Activists and party insiders tell me that the moves aimed to grow GOP operations extend from Baker’s 2014 campaign efforts. Even without much help from the national party—which has no reason to take interest in the state this year—Baker’s team still opened those seven MassVictory offices, each with a field rep and deputy field rep. Phone banks will be manned; voter contacts will be made; databases will be updated; get-out-the-vote operations will be run. “Things are different this time,” state committee member Brock Cordeiro insists. “The commitment made by the governor and Lieutenant Governor Karyn Polito to support our candidates—up and down the ballot, at the legislative and municipal levels and beyond—has been tremendous.”
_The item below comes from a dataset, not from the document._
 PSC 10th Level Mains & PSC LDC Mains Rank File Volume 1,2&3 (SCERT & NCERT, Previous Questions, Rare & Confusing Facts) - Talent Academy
Meanwhile, Baker’s sky-high popularity across the state has people believing he’ll win reelection in 2018—one of the reasons why he and the GOP are playing possum during the presidential election year, when young voters and minorities flood the polls, lifting Democrats and sinking Republicans. Instead, the party—and Baker personally—are sticking their neck out in just a few targeted races, including state Senator Patrick O’Connor’s reelection bid and several isolated contests for state representative.

Perhaps most impressive is the way Baker has been hustling for his party’s more-moderate candidates, offering public endorsements and tin-cupping fundraisers around the state.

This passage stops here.